What is required >> Scan the records for "with". Report each line that includes it.

Stored data
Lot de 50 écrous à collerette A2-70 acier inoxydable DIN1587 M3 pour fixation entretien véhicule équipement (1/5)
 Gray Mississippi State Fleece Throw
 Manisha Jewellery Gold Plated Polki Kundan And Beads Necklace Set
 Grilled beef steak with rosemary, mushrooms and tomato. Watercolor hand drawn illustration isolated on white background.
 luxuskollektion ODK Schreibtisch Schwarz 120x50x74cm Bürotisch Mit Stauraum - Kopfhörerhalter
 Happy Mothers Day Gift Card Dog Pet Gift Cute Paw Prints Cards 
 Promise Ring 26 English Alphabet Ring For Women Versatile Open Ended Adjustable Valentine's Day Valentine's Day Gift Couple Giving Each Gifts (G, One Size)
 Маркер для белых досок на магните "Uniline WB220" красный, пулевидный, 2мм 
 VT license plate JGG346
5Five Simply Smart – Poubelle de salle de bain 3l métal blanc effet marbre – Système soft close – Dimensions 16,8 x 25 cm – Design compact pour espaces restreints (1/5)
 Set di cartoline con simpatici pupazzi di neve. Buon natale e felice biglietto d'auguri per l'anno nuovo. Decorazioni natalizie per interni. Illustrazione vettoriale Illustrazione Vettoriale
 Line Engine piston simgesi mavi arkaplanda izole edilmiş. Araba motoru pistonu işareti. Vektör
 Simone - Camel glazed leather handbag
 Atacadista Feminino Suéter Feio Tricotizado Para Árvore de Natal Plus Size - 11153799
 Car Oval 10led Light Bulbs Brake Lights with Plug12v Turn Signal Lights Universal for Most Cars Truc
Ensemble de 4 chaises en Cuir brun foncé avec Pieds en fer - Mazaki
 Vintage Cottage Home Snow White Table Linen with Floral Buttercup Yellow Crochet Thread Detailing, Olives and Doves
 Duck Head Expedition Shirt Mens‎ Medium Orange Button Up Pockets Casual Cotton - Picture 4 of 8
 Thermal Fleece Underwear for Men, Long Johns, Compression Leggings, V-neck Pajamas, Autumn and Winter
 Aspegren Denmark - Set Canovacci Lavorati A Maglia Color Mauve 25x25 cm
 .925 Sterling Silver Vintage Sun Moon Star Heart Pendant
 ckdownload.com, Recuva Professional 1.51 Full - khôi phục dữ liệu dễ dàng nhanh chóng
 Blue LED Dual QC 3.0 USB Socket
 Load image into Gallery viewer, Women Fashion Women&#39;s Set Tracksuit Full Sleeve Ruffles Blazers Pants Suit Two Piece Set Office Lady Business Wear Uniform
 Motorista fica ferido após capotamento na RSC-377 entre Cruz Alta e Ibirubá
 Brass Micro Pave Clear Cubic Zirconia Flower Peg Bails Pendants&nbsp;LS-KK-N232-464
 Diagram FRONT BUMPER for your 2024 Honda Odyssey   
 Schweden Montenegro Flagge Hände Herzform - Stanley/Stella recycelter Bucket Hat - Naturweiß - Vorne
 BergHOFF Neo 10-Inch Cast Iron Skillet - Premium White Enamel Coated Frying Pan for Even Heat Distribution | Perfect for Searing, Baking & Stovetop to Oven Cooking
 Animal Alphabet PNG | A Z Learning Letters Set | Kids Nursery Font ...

Response to this task >>
 Grilled beef steak with rosemary, mushrooms and tomato. Watercolor hand drawn illustration isolated on white background.
 Car Oval 10led Light Bulbs Brake Lights with Plug12v Turn Signal Lights Universal for Most Cars Truc
 Vintage Cottage Home Snow White Table Linen with Floral Buttercup Yellow Crochet Thread Detailing, Olives and Doves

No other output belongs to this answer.